Until the Industrial Revolution, most of the world's population was rural. However, by
mid-nineteenth century, half of the English people lived in cities, and by the end of the
century, the same was true of other European countries. Between 1800 and 1950 most large
European cities exhibited spectacular growth. At the beginning of the nineteenth century
there were scarcely two dozen cities in Europe with a population of 100,000, but by 1900
there were more than 150 cities of this size. The rise of great cities can be accounted
for in various ways:
First, industrialization called for the concentration of a work force; and indeed, the
factories themselves were often located where coal or some other essential material was
available, as the Ruhr in Germany and Lille in northern France.
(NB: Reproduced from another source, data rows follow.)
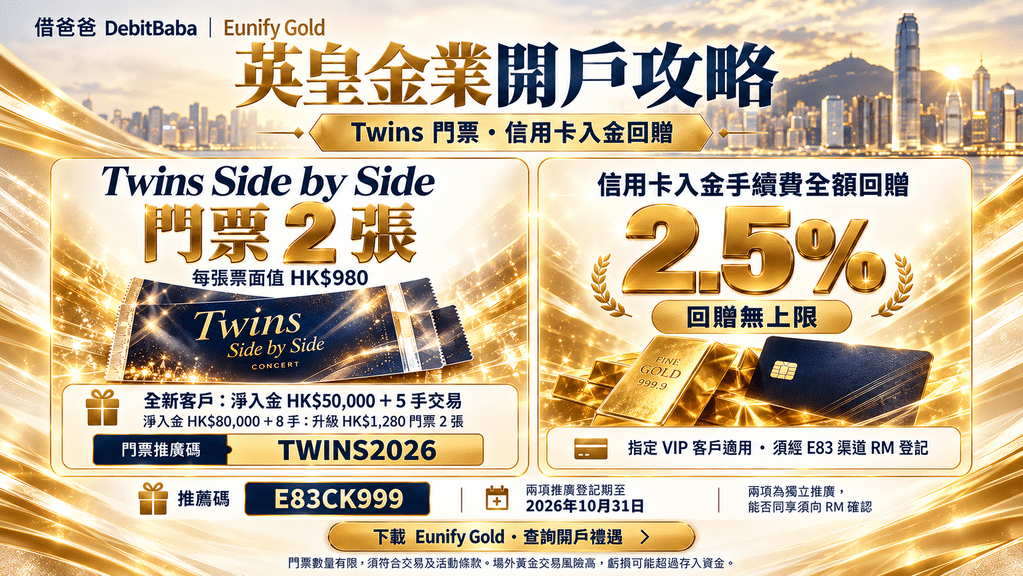 英皇金業 Eunify Gold 開戶攻略封面，信用卡入金買黃金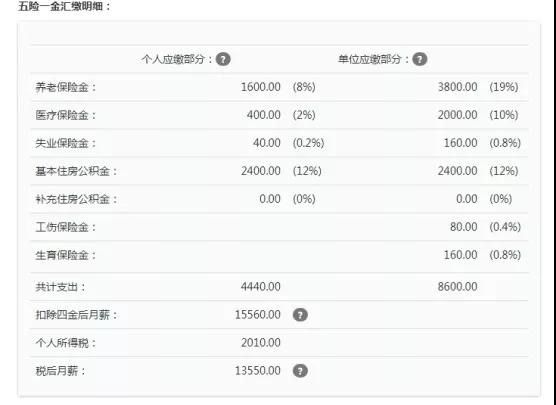 个税起征点将上调至5000元，工薪族或迎最大“减负”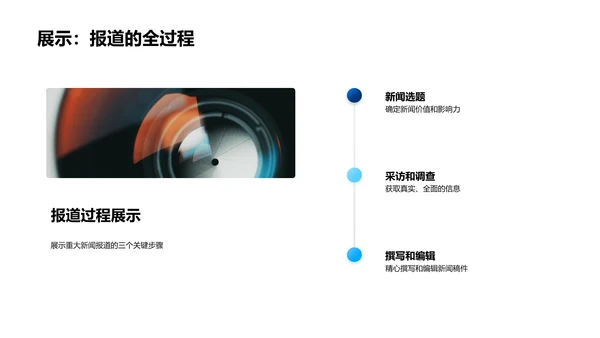 新闻编辑工作总结PPT模板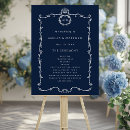 Recherche de ordre de service posters Invités
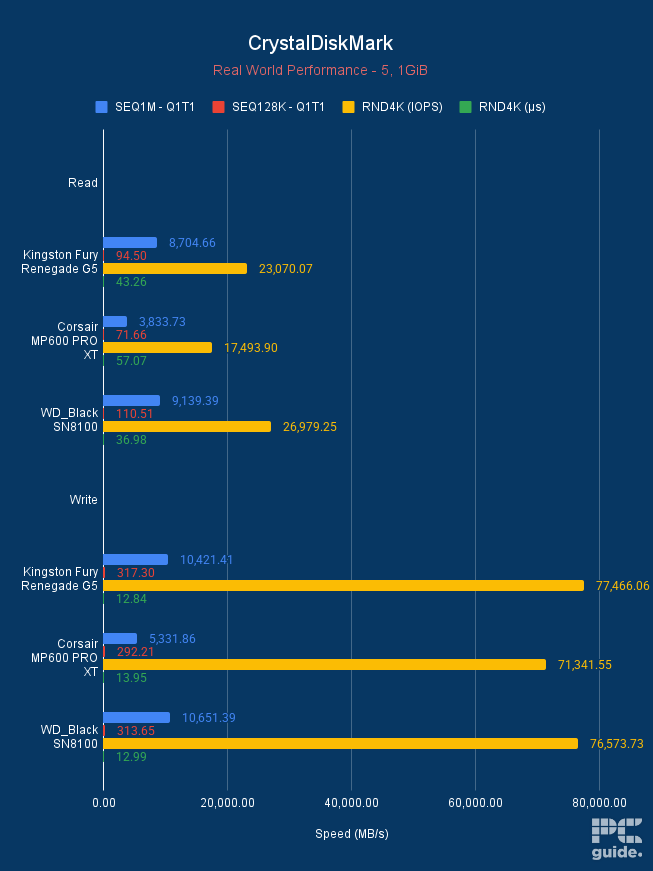 Bar chart showing the Kingston Fury Renegade G5, Corsair Mp600 Pro XT, and WD_Black SN8100 performance in CrystalDiskMark on the real world performance profile with the SanDisk marginally in the lead
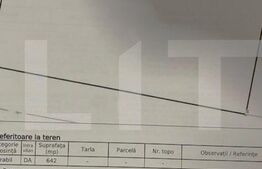 Parcele de 642 mp ,intravilane, zona rezidentiala Burdujeni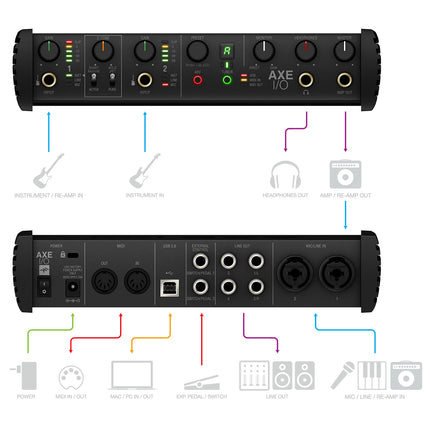 IK Multimedia AXE I/O - USB Audio Interface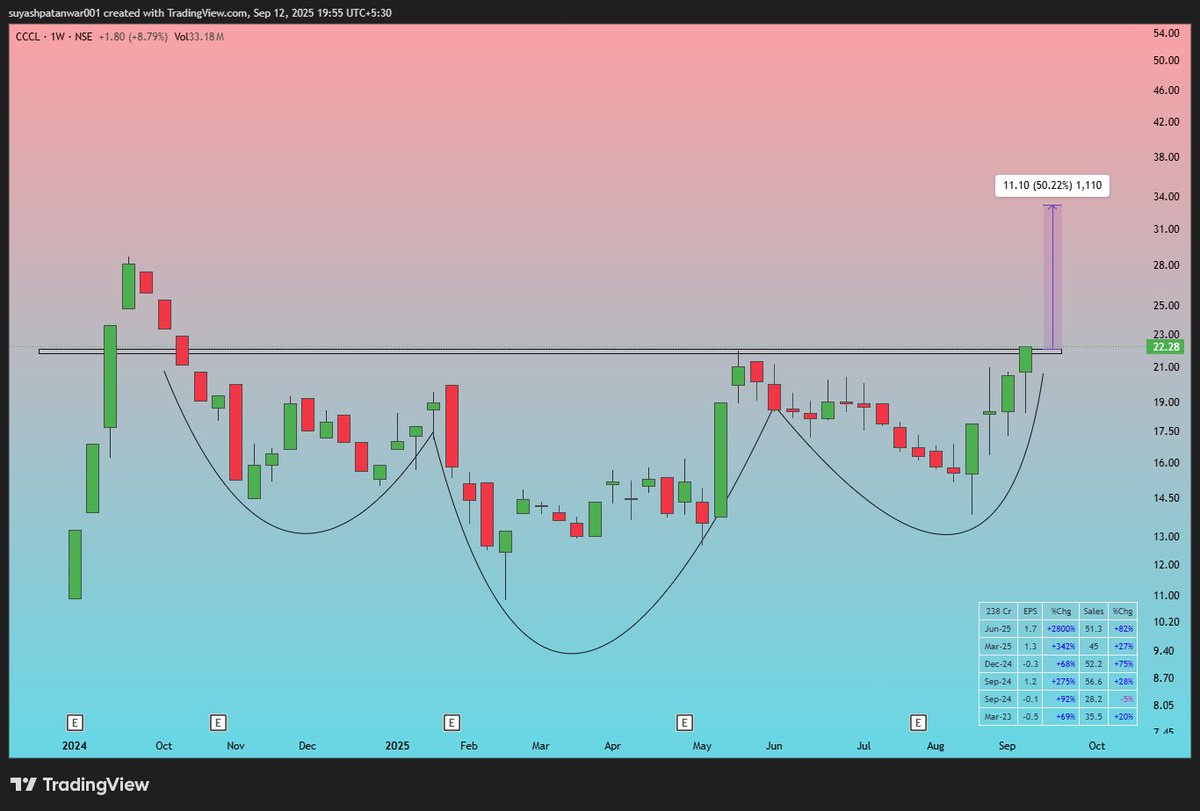 CCCL Weekly Breakout 🚀
Perfect inverse head &amp; shoulders pattern breakout above ₹22 neckline ✅
Target: ₹33+ 🔥 (50% Upside)
Volume confirmation adds strength 📈
CMP: ₹22.28 | Strong bullish momentum building! ⚡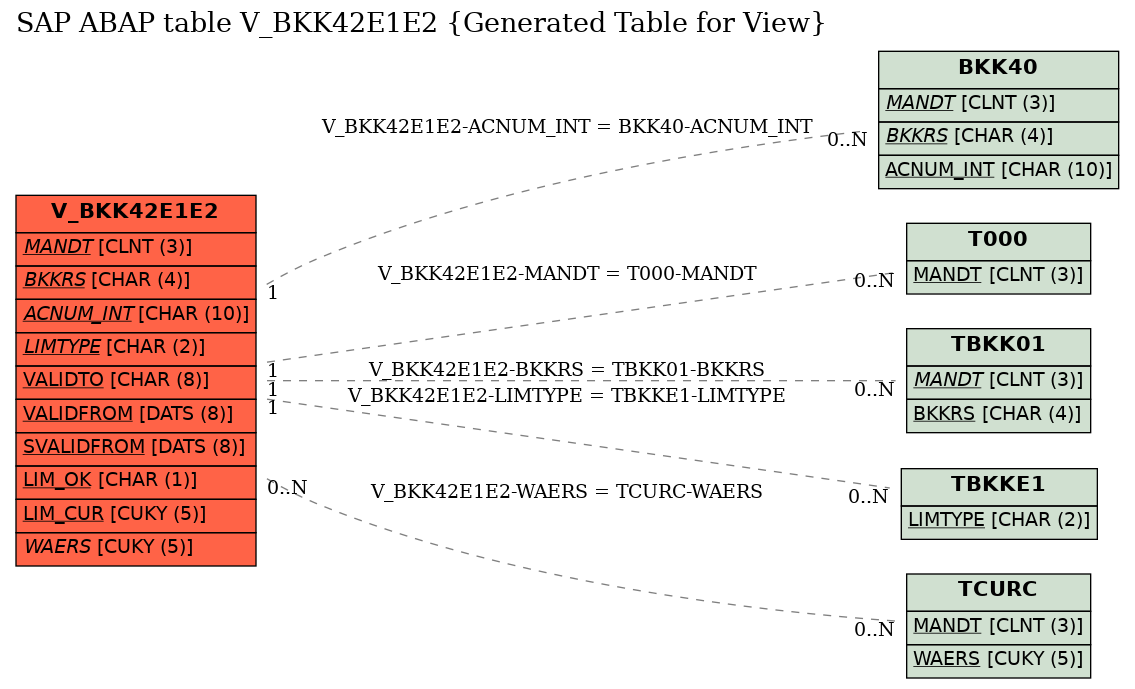 E-R Diagram for table V_BKK42E1E2 (Generated Table for View)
Second, the necessity for marketing finished goods created great urban centers where there
was access to water or railways. Such was the case with Liverpool, Hamburg, Marseilles,
and New York.
And third, there was a natural tendency for established political centers such as London,
Paris, and Berlin to become centers fort he banking and marketing functions of the new
industrialism.
Rapid growth of the cities was not an unmixed blessing. The factory towns of England
tended to become rookeries of jerry-built tenements, while the mining towns became long
monotonous rows of company-built cottages, furnishing minimal shelter and little more. The
bad living conditions in the towns can be traced to lack of good brick, the absence of
building codes, and the lack of machinery for public sanitation. But, it must be added,
they were also due to the factory owners' tendency to regard laborers as commodities and
not as a group of human beings.
In addition to a new factory-owning bourgeoisie, the Industrial Revolution created a new
working class. The new class of industrial workers included all the men, women, and
children laboring in the textile mills, pottery works, and mines. Often skilled artisans
found themselves degraded to routine process laborers as machines began to mass produce
the products formerly made by hand. Generally speaking, wages were low, hours were long,
and working conditions unpleasant and dangerous. The industrial workers had helped to pass
the Reform Bill of 1832, but they had not been enfranchised by it.